AIM OF THE TASK: Report every line of the listing below in which the string "that" occurs.
═════ TASK MATERIAL
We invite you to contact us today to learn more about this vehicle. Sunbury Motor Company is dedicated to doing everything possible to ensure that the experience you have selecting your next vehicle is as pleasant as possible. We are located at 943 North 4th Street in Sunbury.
══════════
═════ TASK MATERIAL
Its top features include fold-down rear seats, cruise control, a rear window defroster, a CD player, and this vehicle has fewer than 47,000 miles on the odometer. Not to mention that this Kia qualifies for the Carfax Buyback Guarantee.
══════════
═════ TASK MATERIAL
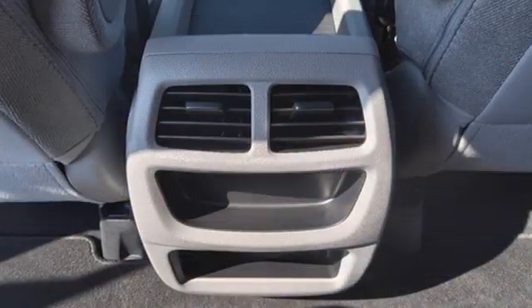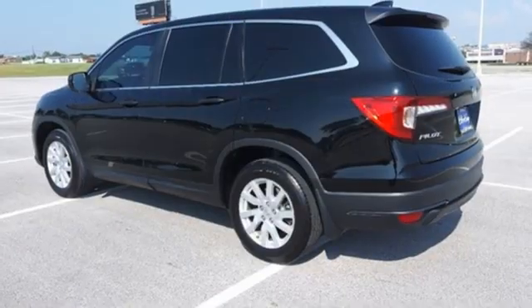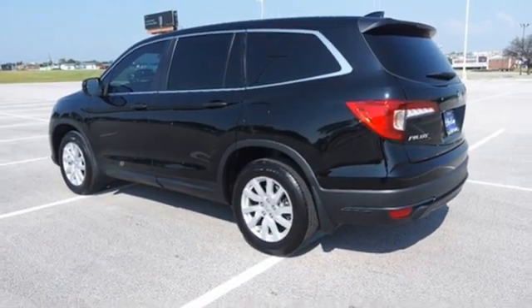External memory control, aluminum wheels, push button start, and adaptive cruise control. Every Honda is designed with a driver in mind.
══════════
SOLVED PROBLEM:
We invite you to contact us today to learn more about this vehicle. Sunbury Motor Company is dedicated to doing everything possible to ensure that the experience you have selecting your next vehicle is as pleasant as possible. We are located at 943 North 4th Street in Sunbury.
Its top features include fold-down rear seats, cruise control, a rear window defroster, a CD player, and this vehicle has fewer than 47,000 miles on the odometer. Not to mention that this Kia qualifies for the Carfax Buyback Guarantee.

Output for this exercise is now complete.